Complementarianism also assumes that all men have the gift of leadership. But not all men do. What about them? Of course, just because we don’t have a gift does not mean we will never exercise it. Not having the gift of evangelism or encouragement, does not mean you never have to share your faith or encourage others! Likewise, even those without a leadership gift will at times lead others.

But if you are a man without leadership proclivities, that is okay. Take a deep breath. You don’t have to be forced into a box where you do not belong. You and your wife can lead the family together. Again, you do not have to bear this burden alone.

By the way…Egalitarians do not think men and women are identical. Neither do egalitarians think that men and women are interchangeable. Rather we see a flexibility for each person to be the unique individual that God has made them. Personality types, gifts/talents, and life circumstances should be taken into consideration.
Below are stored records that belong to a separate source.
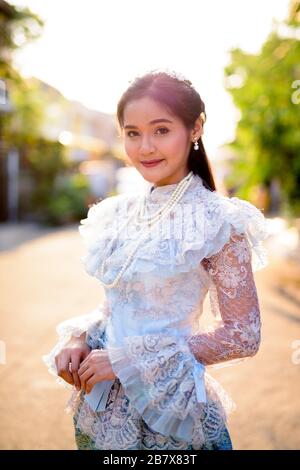 Young beautiful Asian woman wearing Thai traditional clothes outdoors Stock Photo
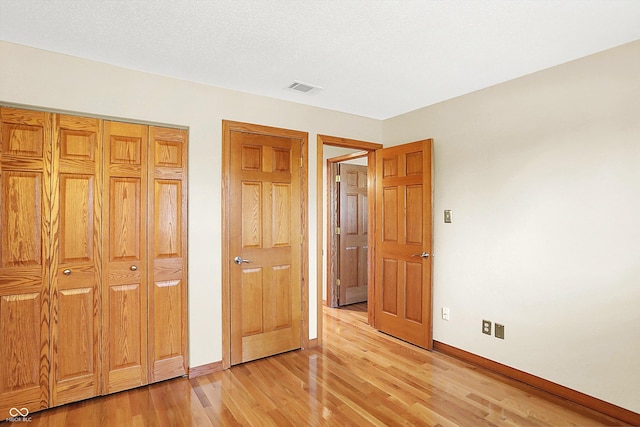 unfurnished bedroom featuring a closet, light hardwood / wood-style flooring, and a textured ceiling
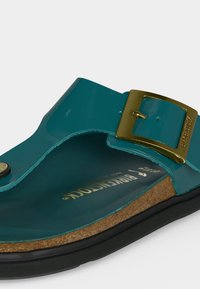 Σανδάλι Birkenstock σε χρώμα πετρόλ με χρυσή πόρπη, φελλό πάτο και μαύρη σόλα, με γωνία που δείχνει πλευρικές και επάνω λεπτομέρειες.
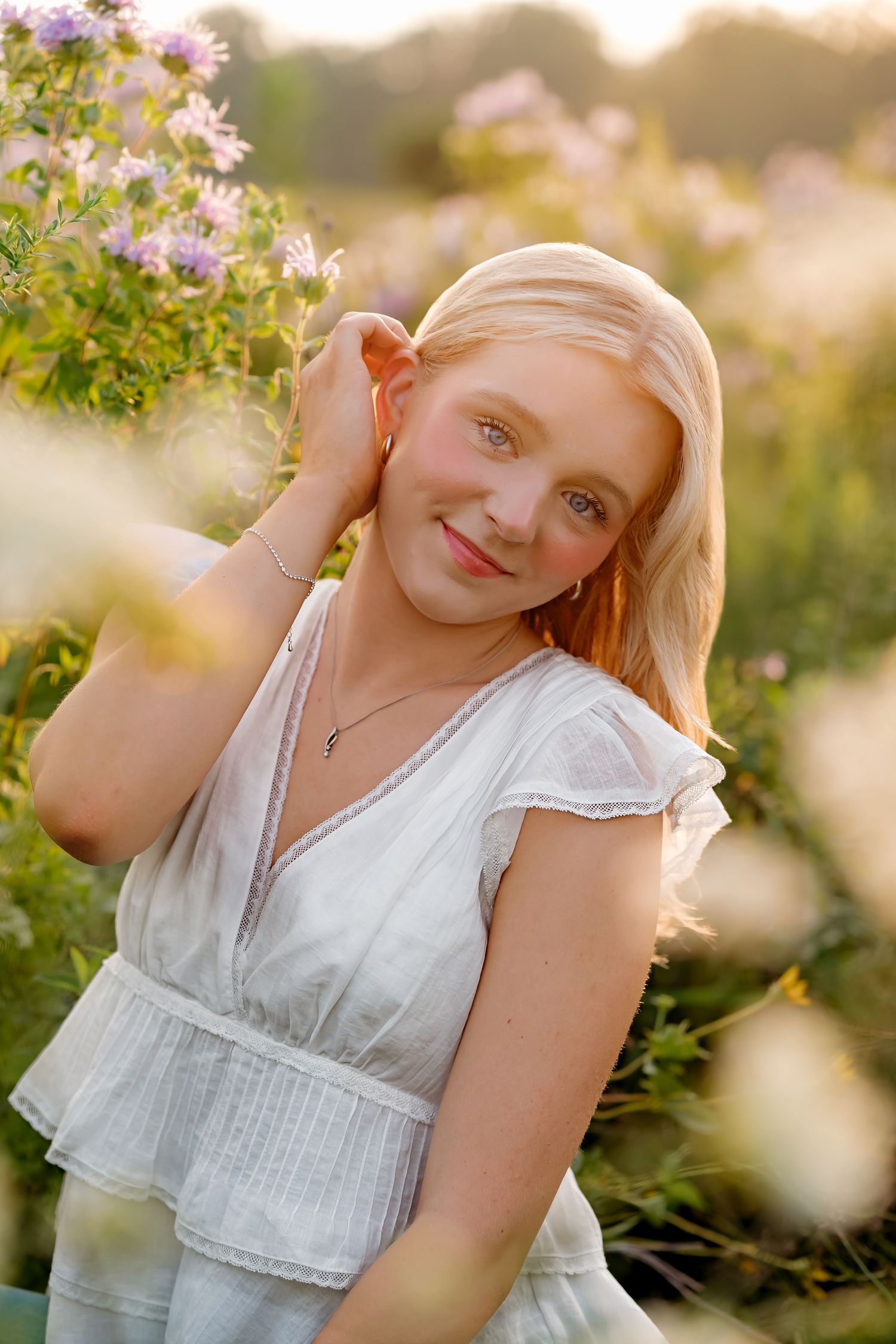 A young blonde girl in a white dress poses among wildflowers in golden hour sunlight, smiling softly at the camera.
Jeremiah was emotional and cried a lot, but God used him. Deborah had leadership skills, and God used her. It appears that Priscilla and Aquila had personalities/abilities that did not match male and female stereotypes – nonetheless, they were a powerhouse couple in the early church.

Each marriage will look a little different as the husband and wife unite as one, and bring their unique personalities, experiences, and abilities to the table. This is how God intended it from the beginning. Men and women are to be a blessed alliance.

Men, you too, have the freedom to serve based on your gifts and abilities, and don’t have to be confined to a falsely imposed and culturally conditioned “gender box.”

Egalitarianism is good news for men, not just women!